Design/methodology/approach
The study uses the primary data and information collected from 300 Indian retail equity investors using a nonprobability sampling technique, specifically purposive and snowball sampling. This research uses the insights from Phuoc Luong and Thi Thu Ha (2011) and Shefrin (2002) to delineate behavioral factors influencing investment decisions. Structural equation modeling estimates the causal relationship between underlying behavioral factors and investment decisions during the COVID-19-induced financial risks.
Findings
The study establishes that the “Regret Aversion,” “Gambler’s Fallacy” and “Greed” significantly influence investment decisions, and provide a comprehensive understanding of how psychological motivations shape investor behavior.
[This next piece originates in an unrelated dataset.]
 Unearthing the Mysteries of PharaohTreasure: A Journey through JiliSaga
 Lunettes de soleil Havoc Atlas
Notably, “Mental Accounting” and “Conservatism” exhibit insignificance, possibly influenced by the unique socioeconomic context of the pandemic. The research contributes to 35% of variance understanding and prompts the researchers and policymakers to tailor investment strategies aligned to these behavioral tendencies.
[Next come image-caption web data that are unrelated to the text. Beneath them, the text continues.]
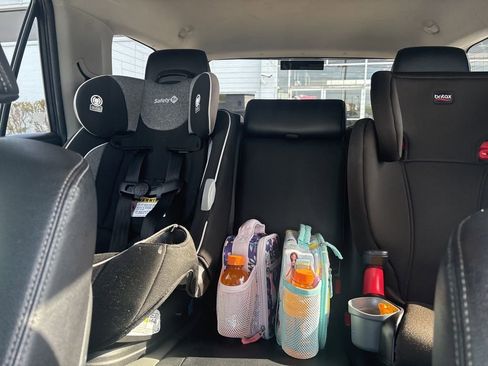 Used 2015 Toyota 4Runner SR5 Premium image 5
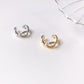 Classic Pig Nose Ear Cuff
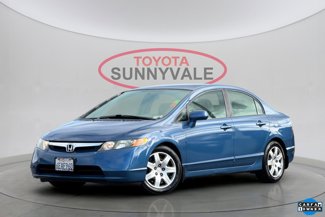 Used 2008 Honda Civic LX image 1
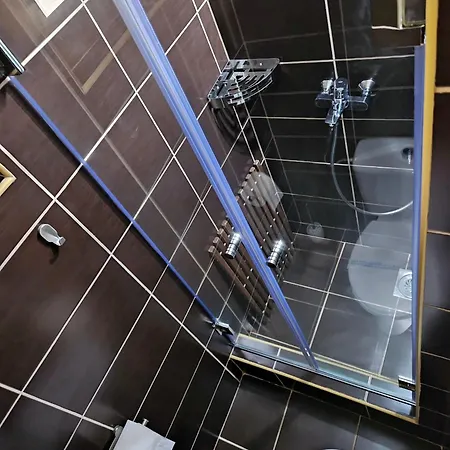 别墅 Dunavska Kuca *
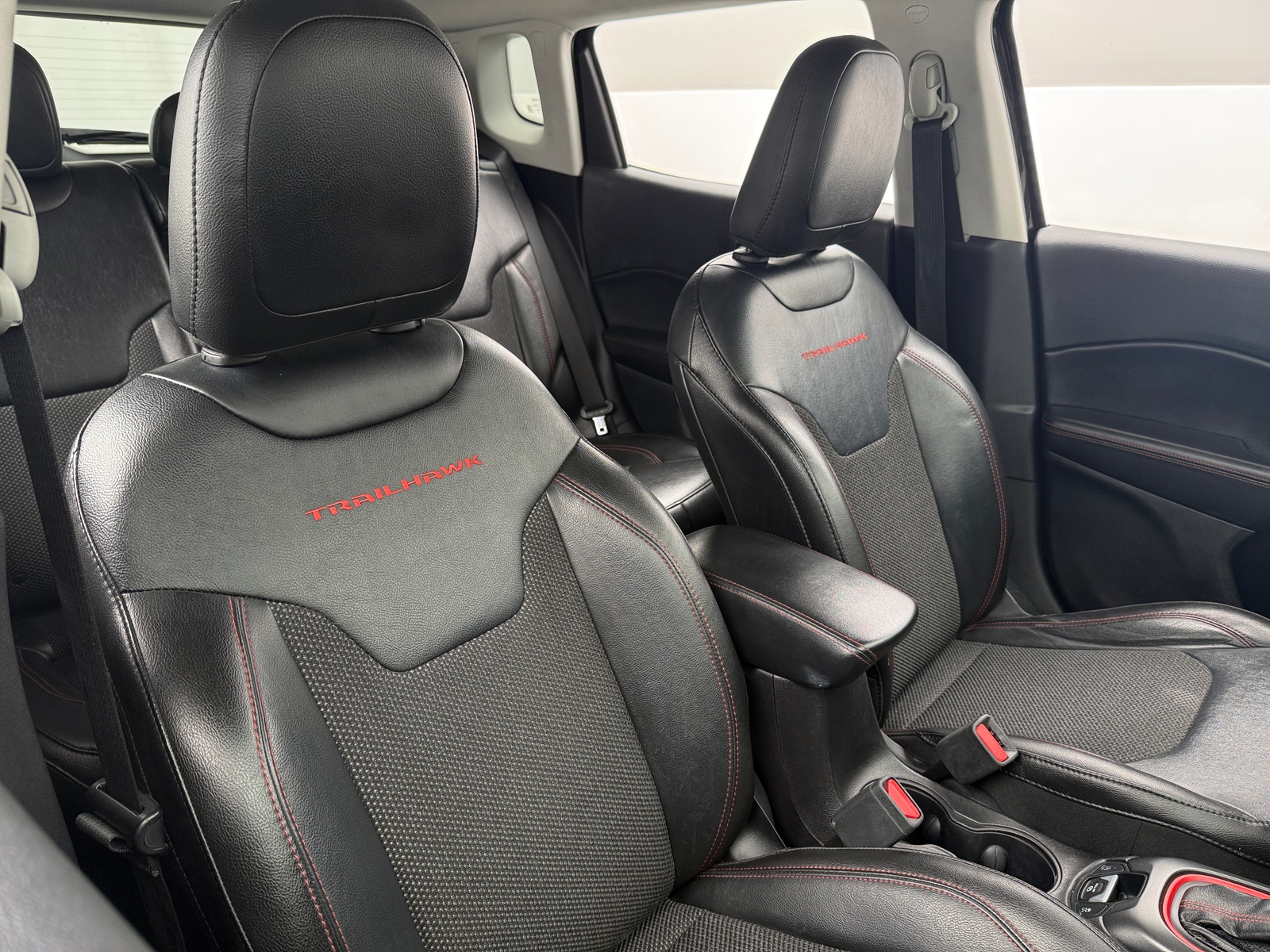 Thumbnail: 2020 Jeep Compass - 2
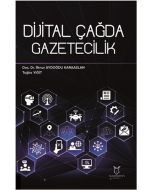 Dijital Çağda Gazetecilik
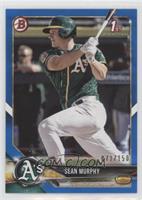 Sean Murphy [EX to NM] #/150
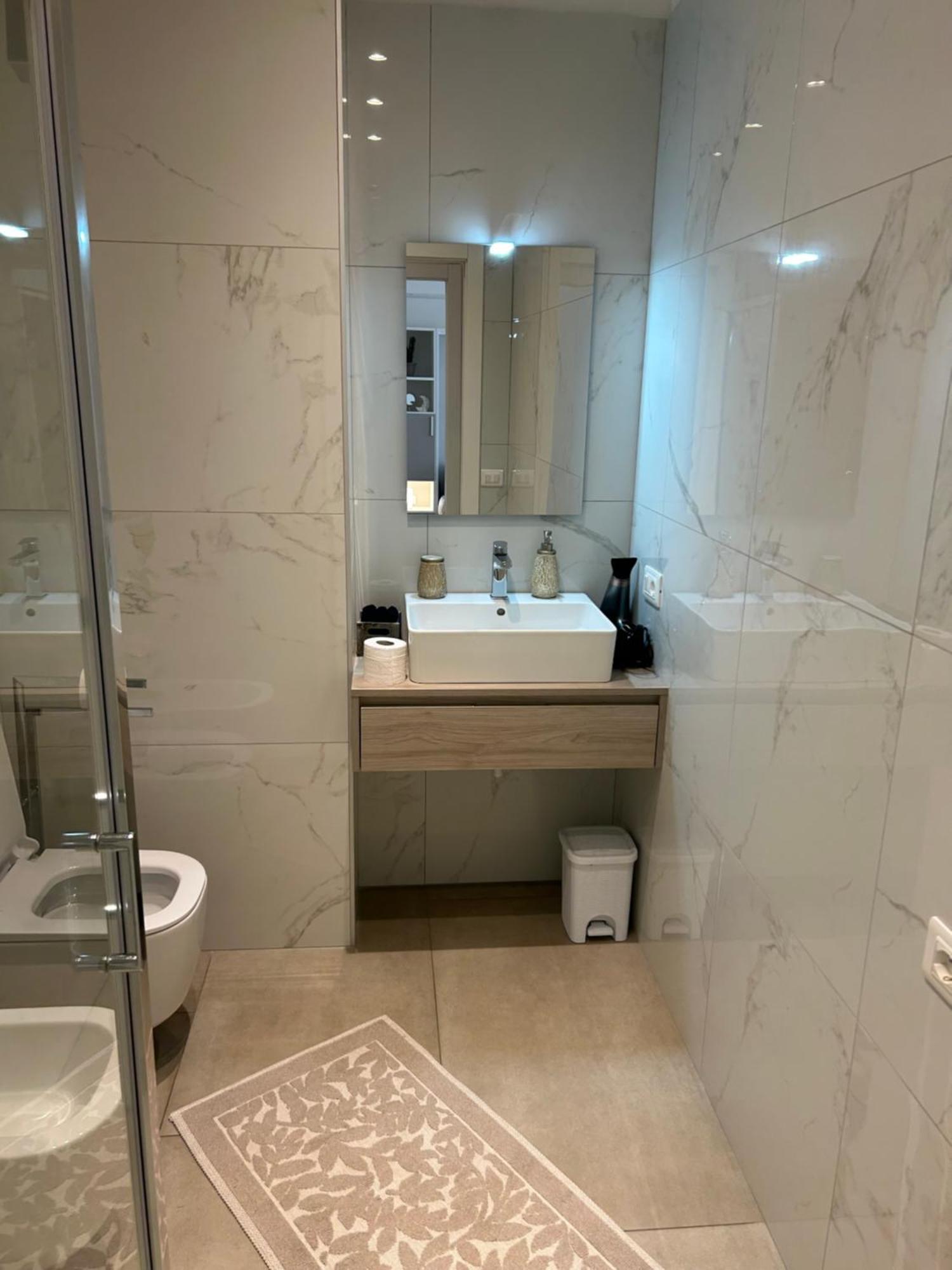 Valverde Apartment And Rooms 维罗纳 外观 照片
Research limitations/implications
The findings hold policy implications for investors and policymakers and provide tailored recommendations including investor education programs and regulatory measures to ensure a resilient and informed investment community in the context of India's evolving financial landscapes.
Originality/value
Theoretically, behavior tendencies and motivations have been strongly linked to investment decisions in the stock market. Yet, empirical evidence on this relationship is limited in developing countries where investors focus on risk management. To the best of the authors’ knowledge, this study is among the first to document the influence of underlying behavioral tendencies and motivation factors on investment decisions regarding retail equity in a developing country.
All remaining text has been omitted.